Nevertheless, this seems somewhat of an abuse of the normalized query vars here, since these new "query vars" aren't actually part of the query at all. In reality, a new URL metrics post shouldn't be created, as it should instead update the existing post. If it creates a new post, then the old one will stick around until it is garbage-collected after a month.

Instead of creating a new URL metrics post entirely, perhaps there should be some kind of "ETag" which is stored with each URL metric. This also is proposed in #1424 where the list of registered tag visitors should factor into the composition of the ETag for a URL metric so that when a new tag visitor is registered (e.g. after a plugin is activated), then all URL metrics would immediately be considered stale so that new ones can be collected.

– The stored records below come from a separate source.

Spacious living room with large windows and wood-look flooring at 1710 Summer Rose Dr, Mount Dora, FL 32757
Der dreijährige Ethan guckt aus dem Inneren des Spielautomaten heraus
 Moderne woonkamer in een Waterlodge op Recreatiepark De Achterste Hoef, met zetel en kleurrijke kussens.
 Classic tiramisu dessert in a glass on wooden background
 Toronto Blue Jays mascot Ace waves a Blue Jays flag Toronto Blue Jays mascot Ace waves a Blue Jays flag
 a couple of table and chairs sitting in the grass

This is also related to another TODO:

https://github.com/WordPress/performance/blob/73f223598df758e507dcfd14e09681e156a850d2/plugins/optimization-detective/optimization.php#L244

Instead of having to manually collect the various parts of page state that may affect the elements stored in URL metrics, we could instead know by time we finish iterating over the document whether the elements we saw correspond to the elements which were stored in the most recent URL metric. If not, then the URL metric should be considered stale and new URL metrics should be collected. But there is a bit of a chicken-and-egg problem here because the REST API endpoint will reject any requests when the URL metrics are fresh. Since the REST API endpoint doesn't know the result of iterating over the page during optimization, it doesn't know that new URL metrics should in fact be allowed. Also, if the URL metrics were all fresh then the requisite data-od-xpath attributes aren't added to the output for detect.js to use when collecting the URL metrics. So once it gets to the end of iterating over all the tags, it would have to go back over them from the beginning and add these attributes. Or it could add them unconditionally on the first pass, and then strip them all out when not needed during a second pass (but this seems not ideal to have to do with every response). This is opposed to the current approach to conditionally add them:

https://github.com/WordPress/performance/blob/73f223598df758e507dcfd14e09681e156a850d2/plugins/optimization-detective/optimization.php#L229-L231

Several things to ruminate on here.

westonruter commented 1 month ago

The current template that was selected should also be considered as part of the ETag. If a theme all of a sudden is updated so that there is a category.php template file that overrides the generic category.php then likely this should result in the URL metrics being considered stale.